Almost as a diversion to these incriminating actions, on 11 May 1571 Shrewsbury wrote to Burghley asking for the wardship of young Sir Anthony Babington, since his father, a near neighbour of Shrewsbury’s, had just died. The request was granted and Babington met Mary, probably falling in teenage love with her. Fifteen years later this love would cause Sir Anthony to be disembowelled.

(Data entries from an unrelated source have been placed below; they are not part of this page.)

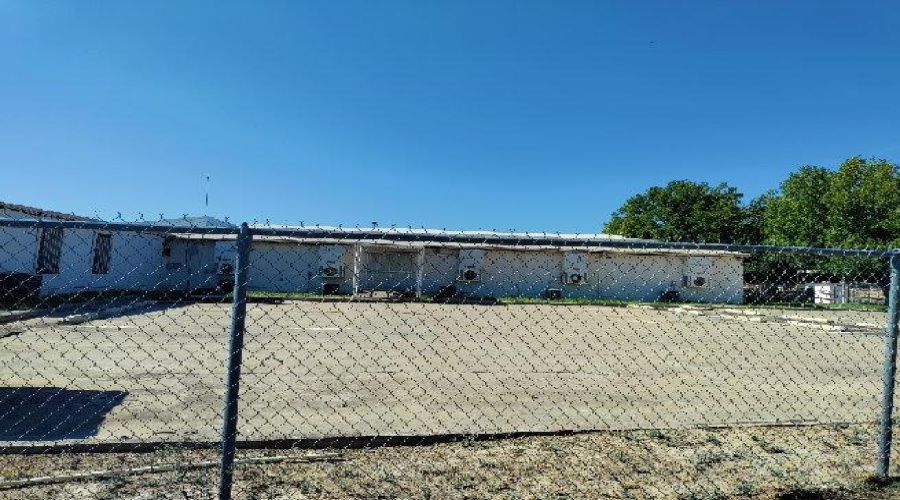 200 W Lyon St, Laredo, Texas 78040, 1 Room Rooms,4 BathroomsBathrooms,Commercial retail/office,For Sale,200 W Lyon St,20253919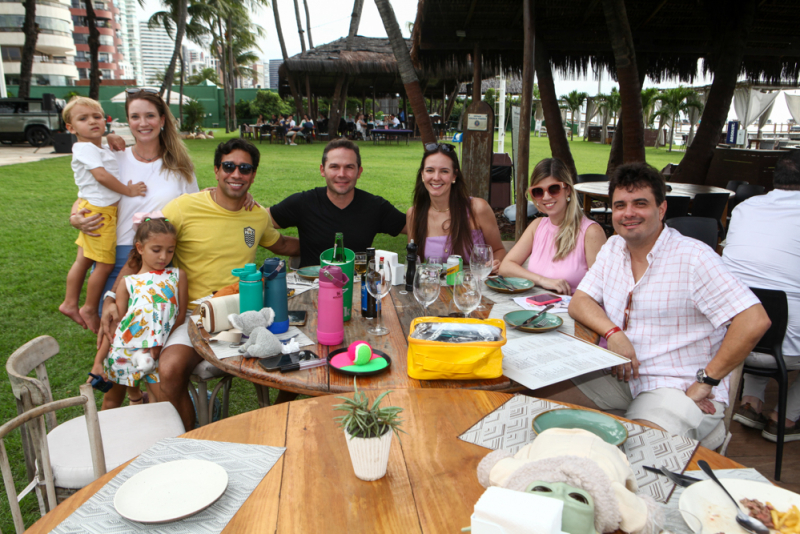 Point Badalado - Fim de semana intenso no Iate Clube de Fortaleza com regatas, elenco teatral e música ao vivo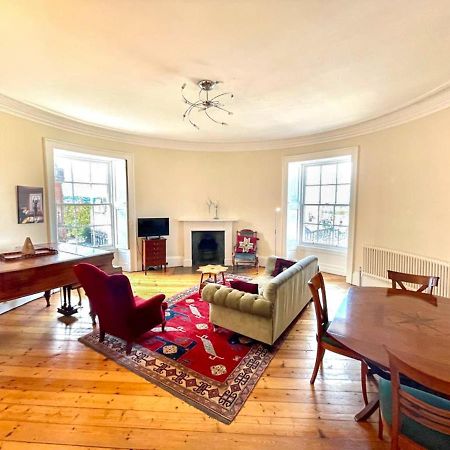 Incredible St Andrew'S Sq - 2 Bed In The Sky Apartment Luaran gambar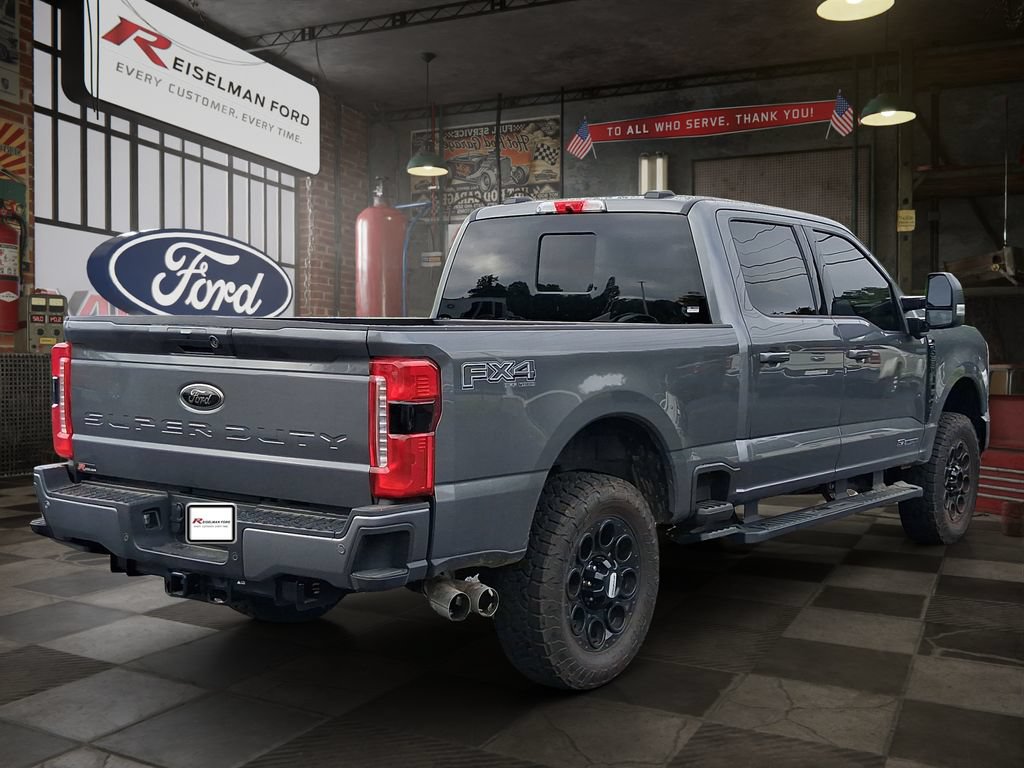 Certified 2025 Ford F250 XLT w/ Black Appearance Package AWD/4WD image 6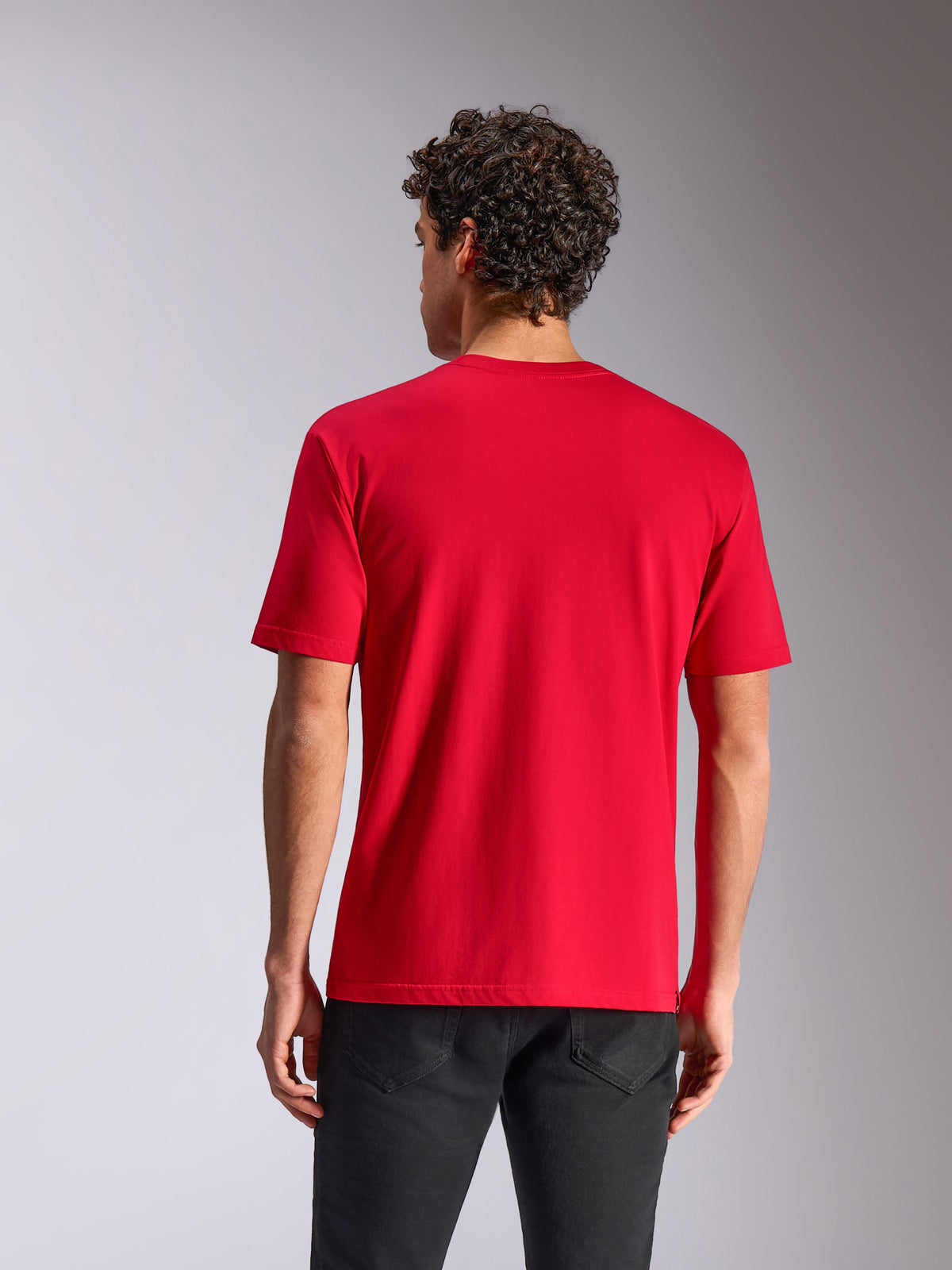 Alpinestars Ride 4.0 CSF Tee, vista posteriore, maglietta a maniche corte, rosso, streetwear casual ispirato al motorsport, indossata con pantaloni neri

Burghley had, by now, a bulky file giving details of various plans for Mary’s escape, some sent to him from the Earl of Mar, who had become Regent of Scotland after the death of Lennox in August 1571, and some from the ever-nervous Shrewsbury. In all probability Mary knew nothing of them but merely used what diplomatic sources she could summon to promise anything to anyone who might help. In the Marshalsea, Bailly was interrogated by Burghley on 26 April and frightened in the extreme by threats of ear-lopping. Bailly was visited by his employer, the Bishop of Ross, who asked for the cipher and told him not to be afraid and that Burghley was ‘only words’. After an unproductive interrogation at five in the morning on 29 April, Bailly was given into the care of William Hampton, Lieutenant of the Tower, to whom he revealed that he had met Westmoreland, the Countess of Northumberland and Dacres in Mechlin – near present-day Maastricht – and that they had given him the letters. He claimed that he had no idea of their content and had never heard of Ridolfi. He said to his torturer, ‘Ils me mettent sur la gehenne.’ (Gehenna was a place of human sacrifice dedicated to Moloch and also called the Valley of Slaughter.) In other words, he was to be racked to reveal the ciphers of his letters.